- EXERCISE BRIEF -
What are the lines, word for word, from the line with "The Flava Unit - The" up to and including the line with "Moraes destaca que" in the records below? Omit the pictures.
***** INFORMATION PROVIDED *****
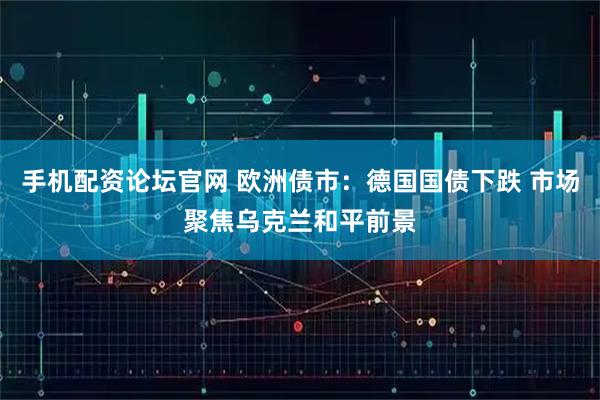 手机配资论坛官网 欧洲债市：德国国债下跌 市场聚焦乌克兰和平前景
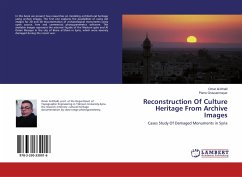 Reconstruction Of Culture Heritage From Archive Images - Al-Khalil, Omar; Grussenmeyer, Pierre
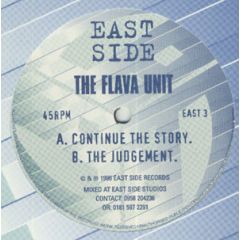 The Flava Unit - The Flava Unit - Continue The Story - East Side Rec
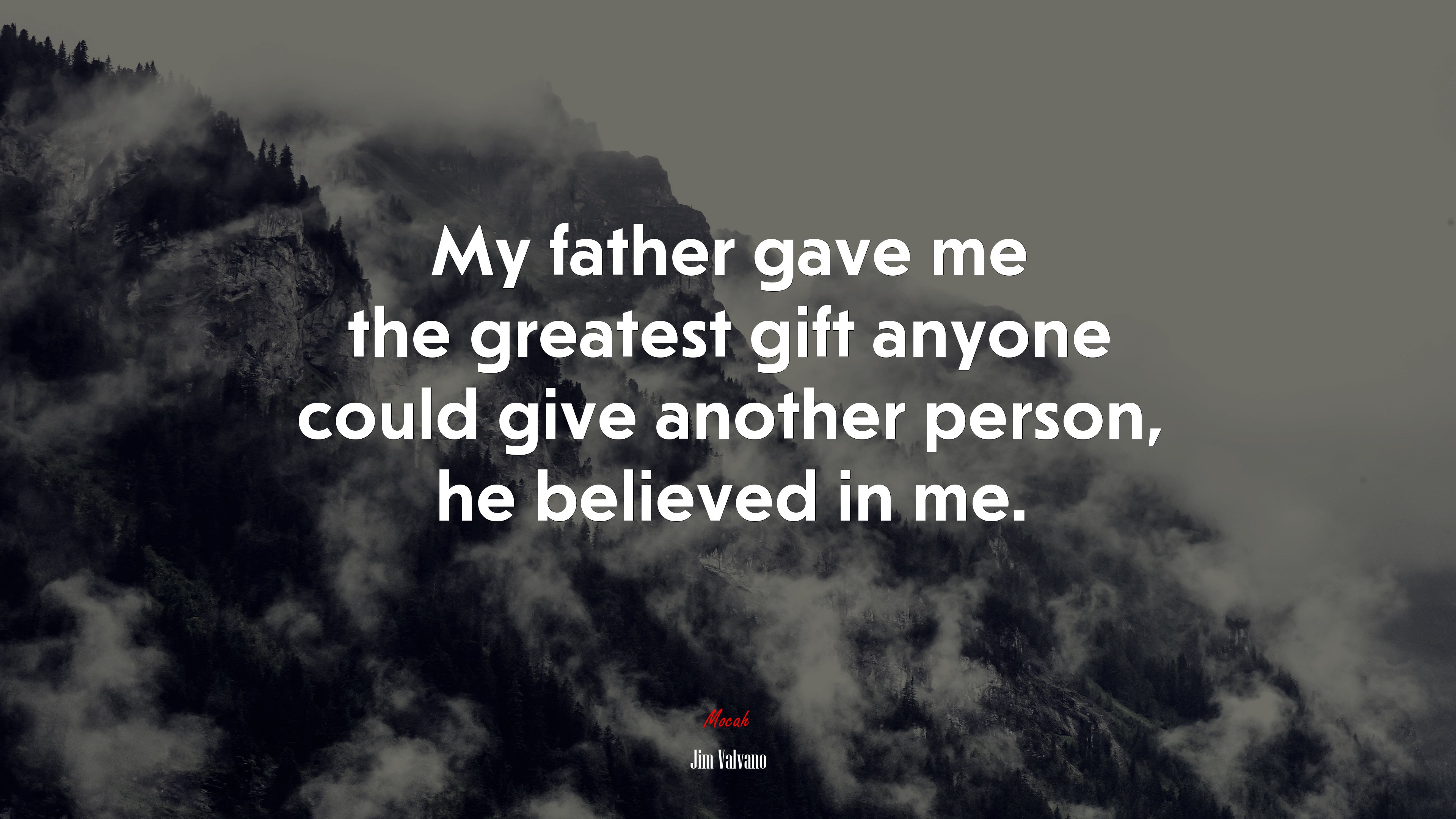 My father gave me the greatest gift anyone could give another person, he believed in me. | Jim Valvano quote HD Wallpaper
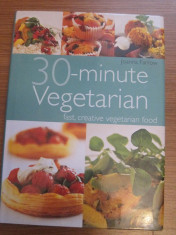 30-minute Vegetarian - Joanna Farrow - cartonata - noua - 2005 foto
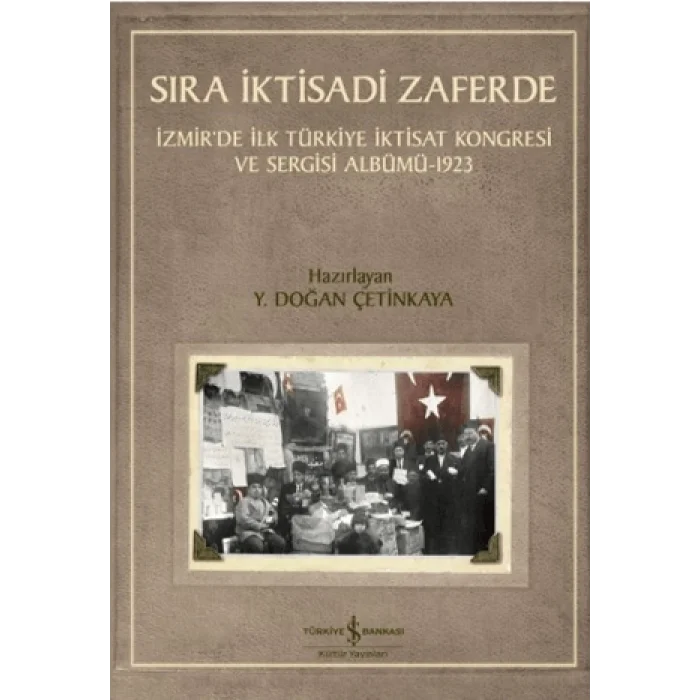 Sıra İktisadi Zaferde - İzmir’de İlk Türkiye İktisat Kongresi ve Sergisi Albümü - 1923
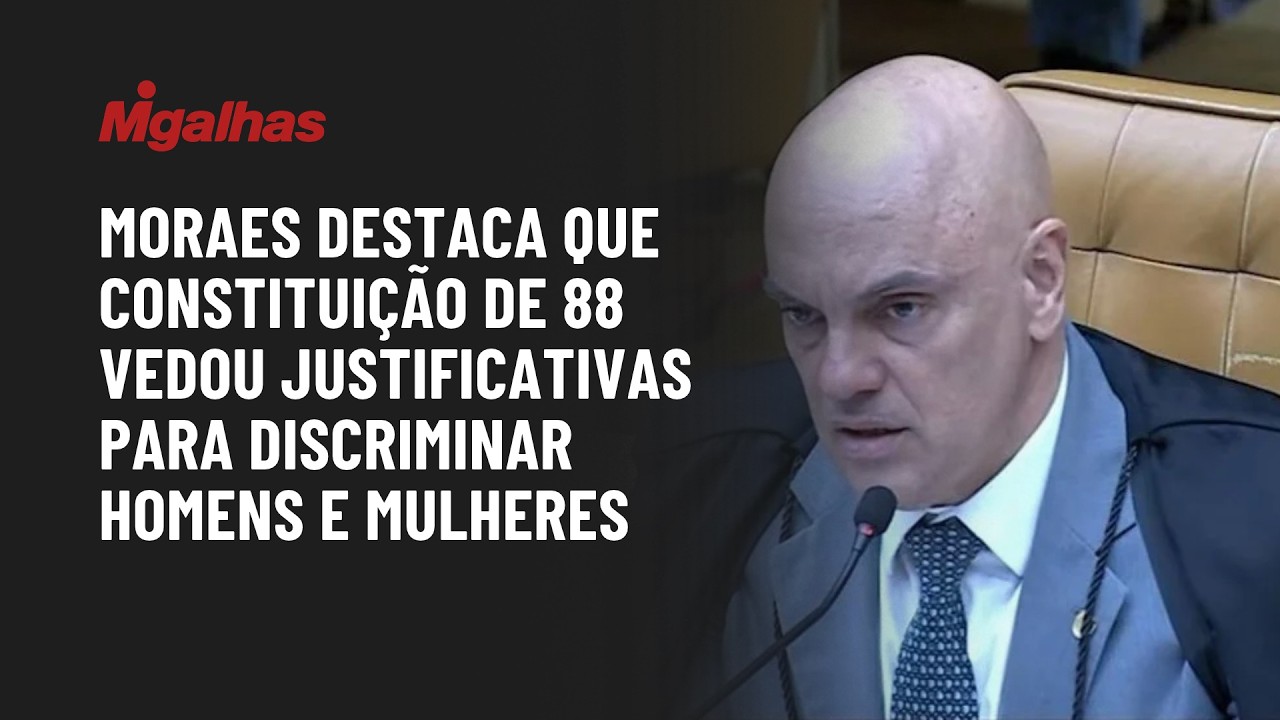Moraes destaca que Constituição de 88 vedou justificativas para discriminar homens e mulheres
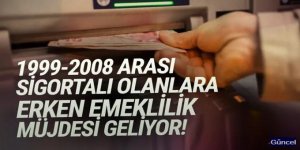 1999-2008 arası sigortalı olanlara erken emeklilik müjdesi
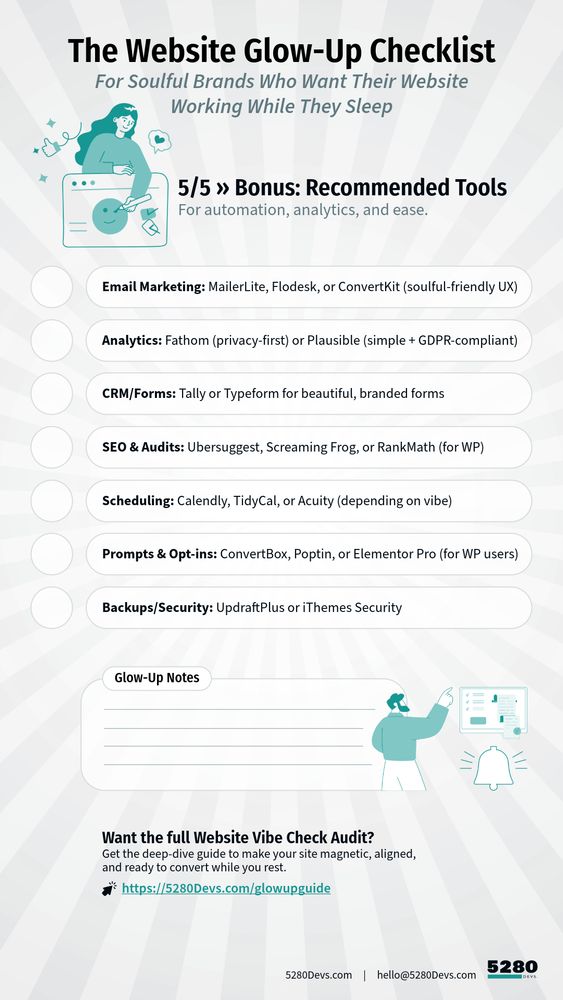 Support your website behind the scenes with smart, soulful tech.
* Email Marketing: MailerLite, Flodesk, or ConvertKit (soulful-friendly UX)
* Analytics: Fathom (privacy-first) or Plausible (simple + GDPR-compliant)
* CRM/Forms: Tally or Typeform for beautiful, branded forms
* SEO & Audits: Ubersuggest, Screaming Frog, or RankMath (for WP)
* Scheduling: Calendly, TidyCal, or Acuity (depending on vibe)
* Pop-ups & Opt-ins: ConvertBox, Poptin, or Elementor Pro (for WP users)
* Backups/Security: UpdraftPlus or IThemes Security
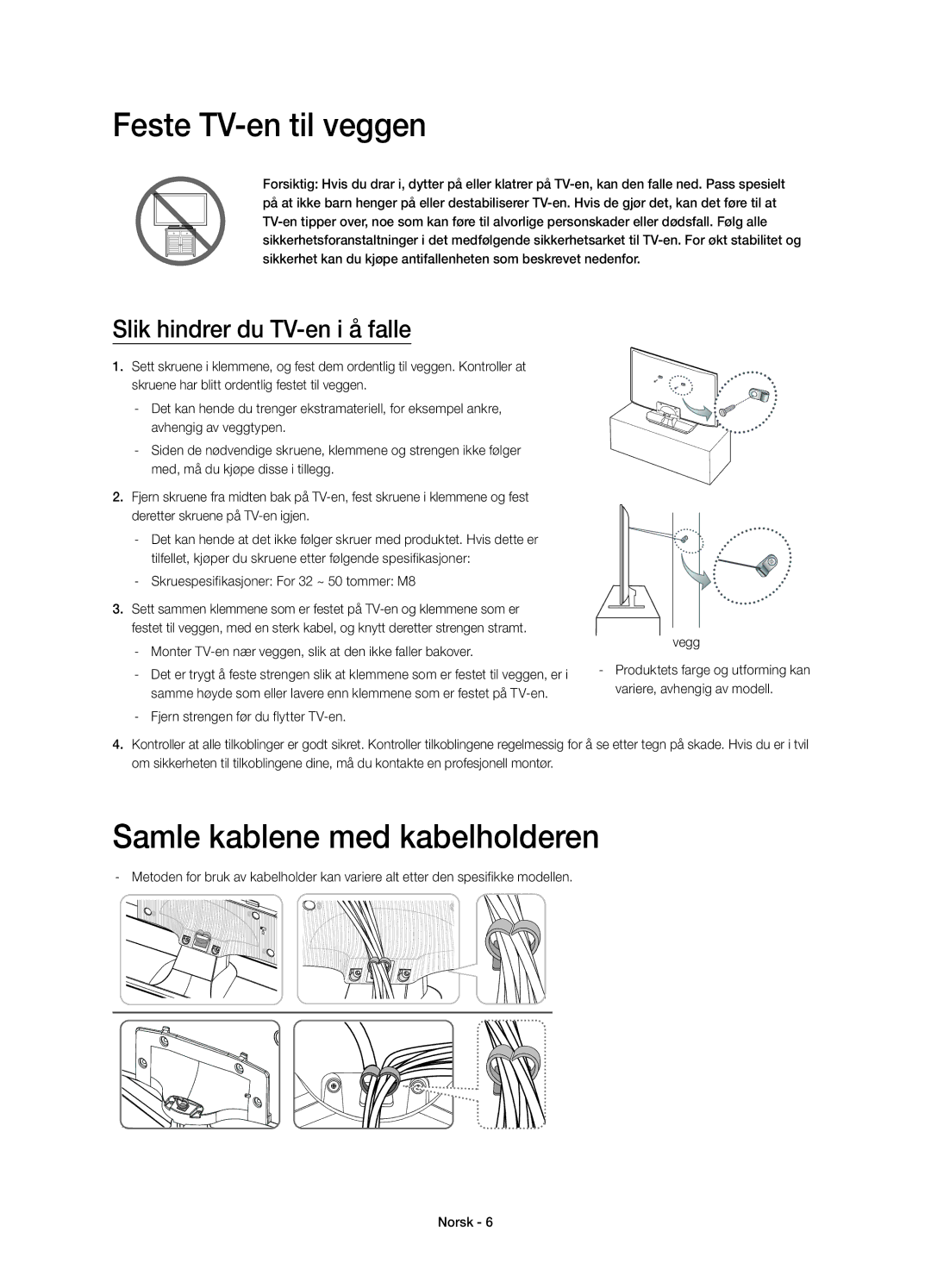 Samsung UE40H5505AKXXE manual Feste TV-en til veggen, Samle kablene med kabelholderen, Slik hindrer du TV-en i å falle 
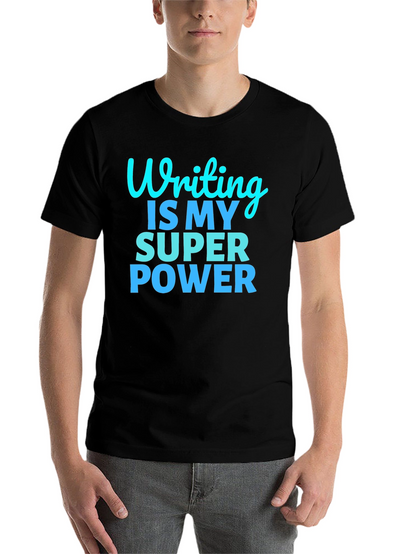 Writing Is My Super Power T-Shirt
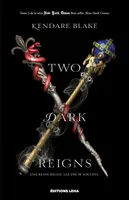 Two Dark Reigns, Three Dark Crowns, T3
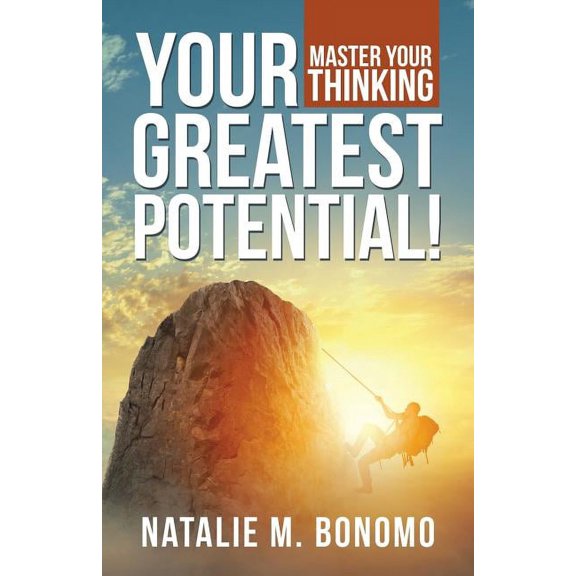 Your Greatest Potential!: Master Your Thinking (Paperback)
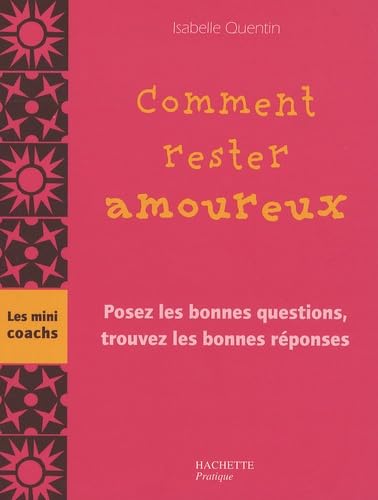 Beispielbild fr Comment Rester Amoureux : Posez Les Bonnes Questions, Trouvez Les Bonnes Rponses zum Verkauf von RECYCLIVRE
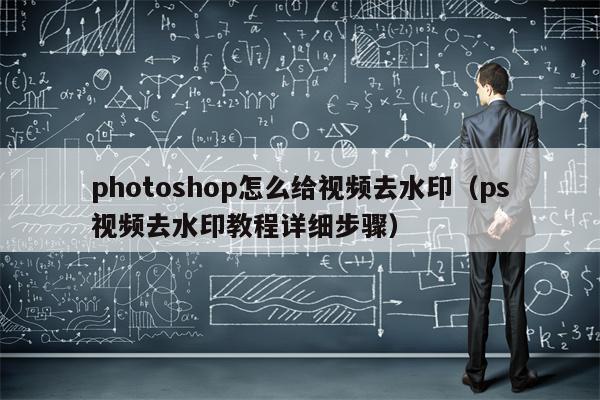 photoshop怎么给视频去水印（ps视频去水印教程详细步骤）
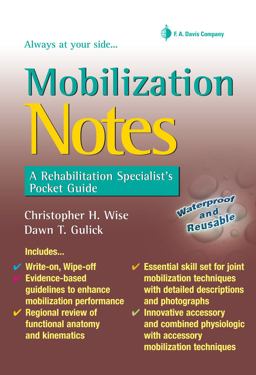 Mobilization Notes A Rehabilitation Specialist's Pocket Guide  9780803620964 Front Cover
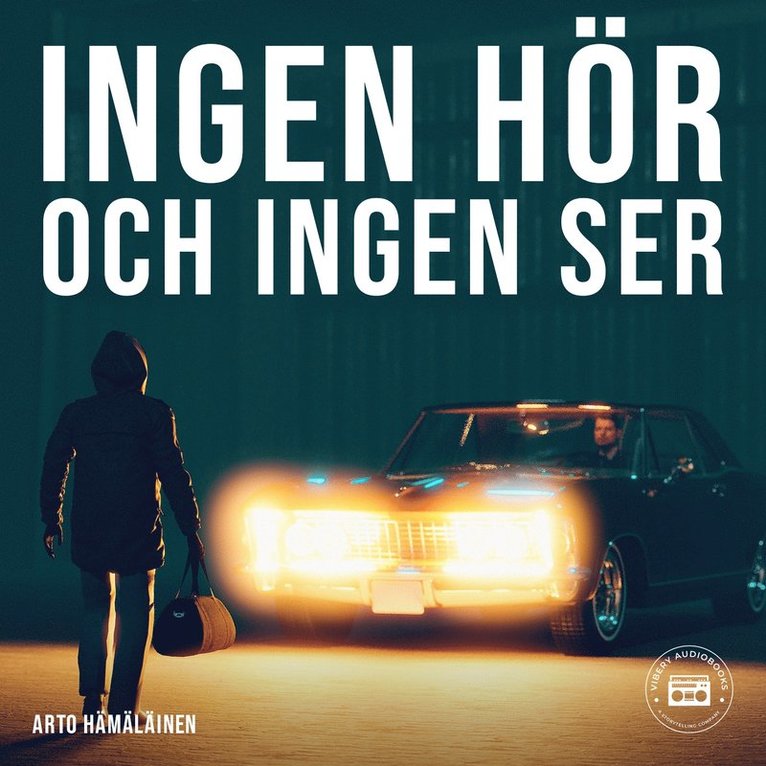 Arto Hämäläinen - Ingen hör och ingen ser, Ljudbok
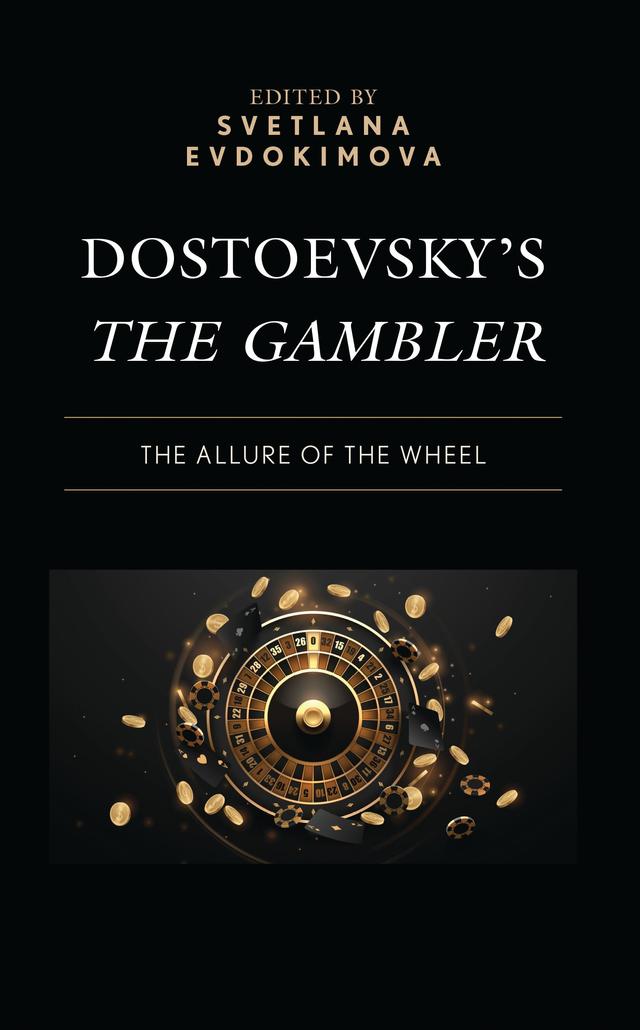 Dostoevsky’s The Gambler by Andrea Oppo, Carol Apollonio, David J. Grüning, Evgenia Cherkasova, Jeff Love, Joachim I. Krueger, Octavian Gabor, Richard J. Rosenthal, Robert L. Jackson, Simon Morrison, Svetlana Evdokimova, Vladimir Golstein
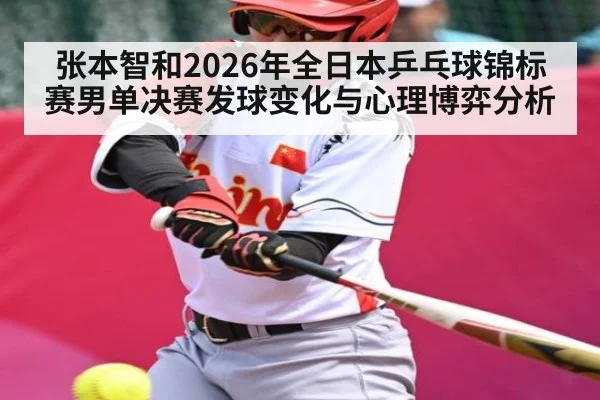 张本智和2026年全日本乒乓球锦标赛男单决赛发球变化与心理博弈分析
*****
- FINISHED EXERCISE -
 The Flava Unit - The Flava Unit - Continue The Story - East Side Rec
 My father gave me the greatest gift anyone could give another person, he believed in me. | Jim Valvano quote HD Wallpaper
 30-minute Vegetarian - Joanna Farrow - cartonata - noua - 2005 foto
 Sıra İktisadi Zaferde - İzmir’de İlk Türkiye İktisat Kongresi ve Sergisi Albümü - 1923
Moraes destaca que Constituição de 88 vedou justificativas para discriminar homens e mulheres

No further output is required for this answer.